• _Work instruction_
Lines before the one holding "Young woman getting dental treatment" are not wanted. Please copy that line and everything after it to the end of the records, exactly, skipping pictures.

• _Task data_
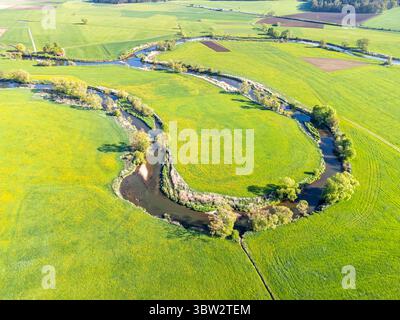 Young Danube river landscape aerial view from above traveling near Geisingen in Germany Stock Photo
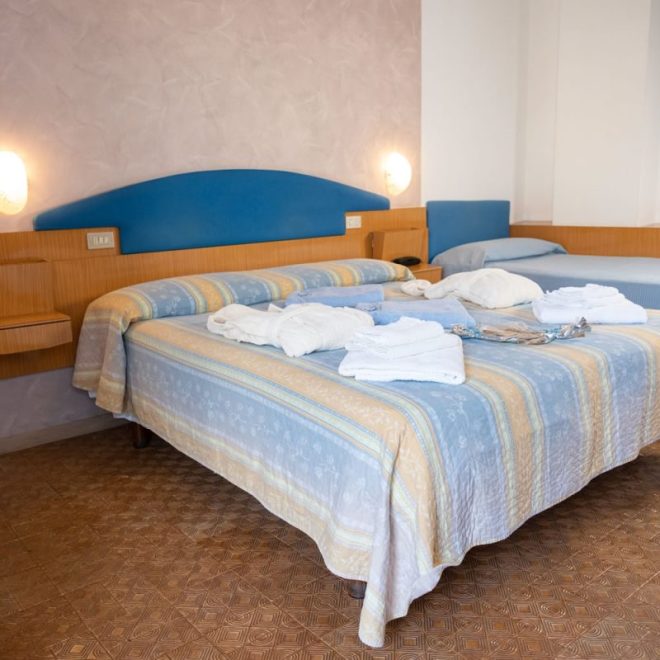 camera con letto matrimoniale e letto singolo con accappatoio e asciugamani sui letti camera con letto matrimoniale e letto singolo con accappatoio e asciugamani sui letti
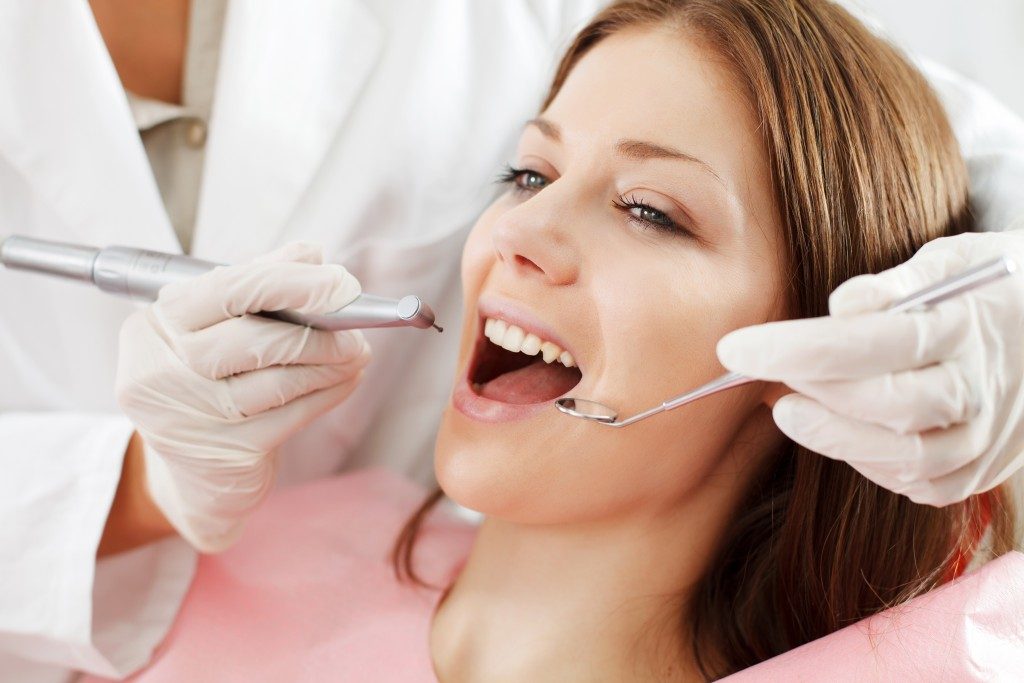 Young woman getting dental treatment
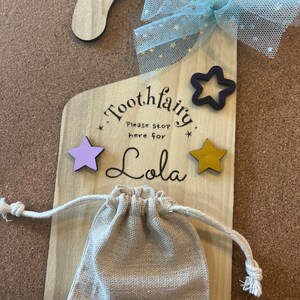 May include: Wooden tooth fairy door with a blue and gold bow, two stars, and a small burlap bag. The door says "Tooth fairy" and "Please stop here for Lola".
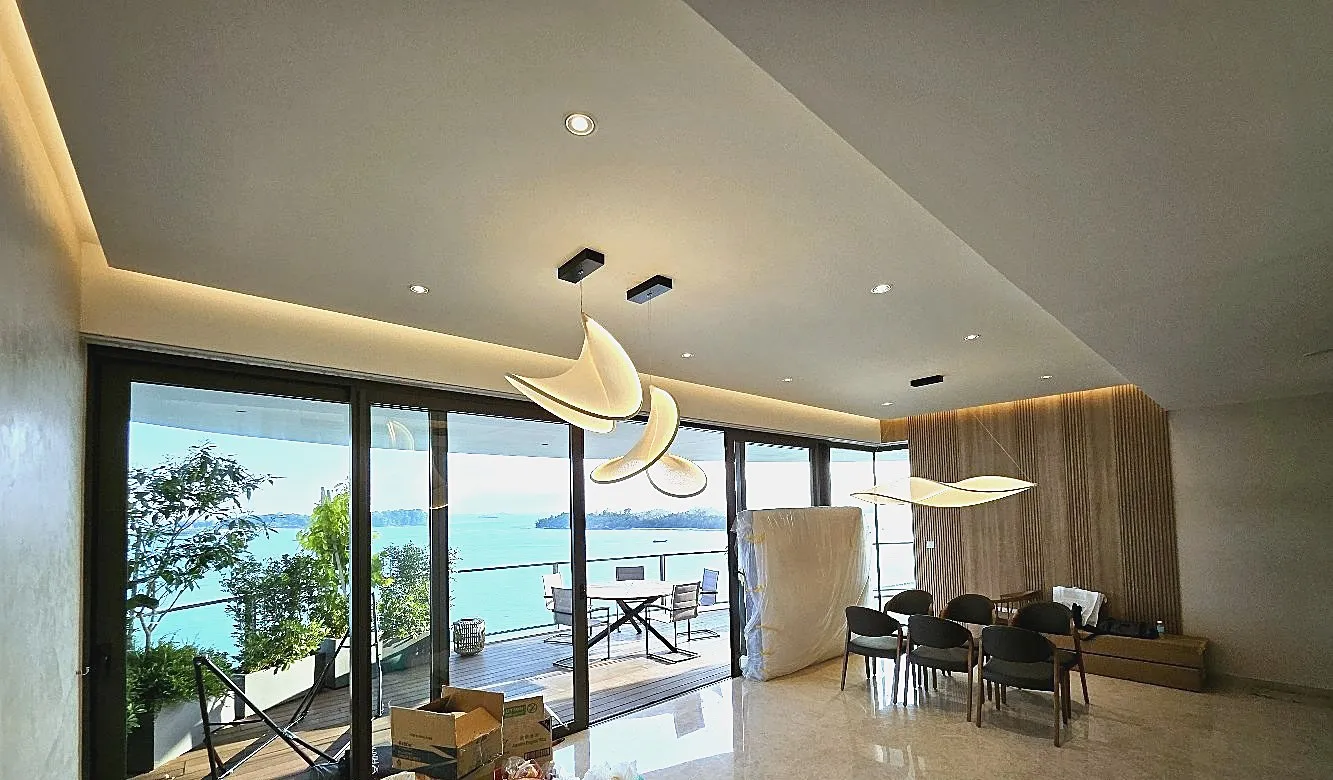 A completed living and dining room with timber joinery, pendant lighting over the table and a full-height window looking out to the sea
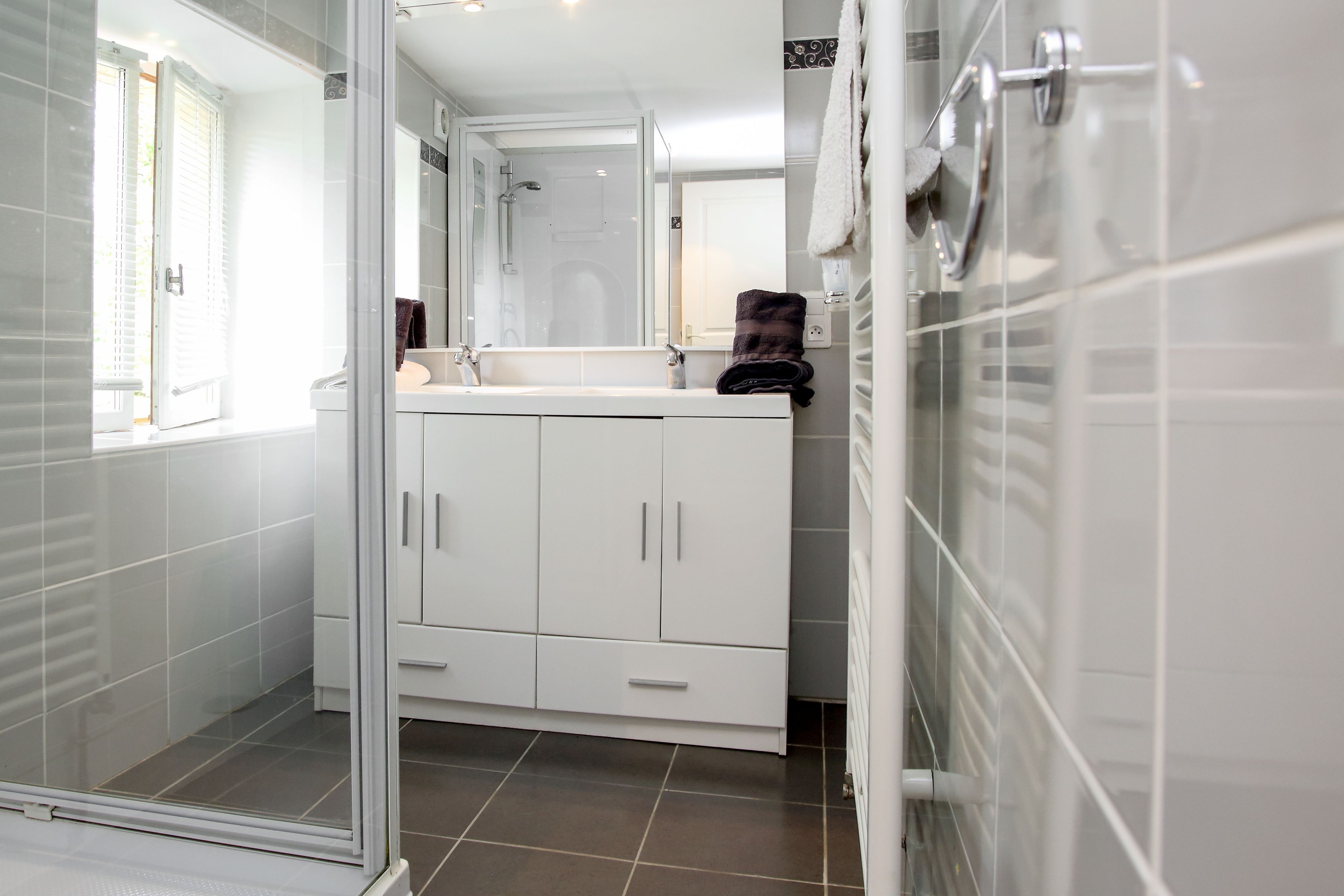 Un baño moderno con armarios blancos, cabina de ducha de vidrio y ventana que proporciona luz natural.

• _Solution to the problem_
 Young woman getting dental treatment
 May include: Wooden tooth fairy door with a blue and gold bow, two stars, and a small burlap bag. The door says "Tooth fairy" and "Please stop here for Lola".
 A completed living and dining room with timber joinery, pendant lighting over the table and a full-height window looking out to the sea
 Un baño moderno con armarios blancos, cabina de ducha de vidrio y ventana que proporciona luz natural.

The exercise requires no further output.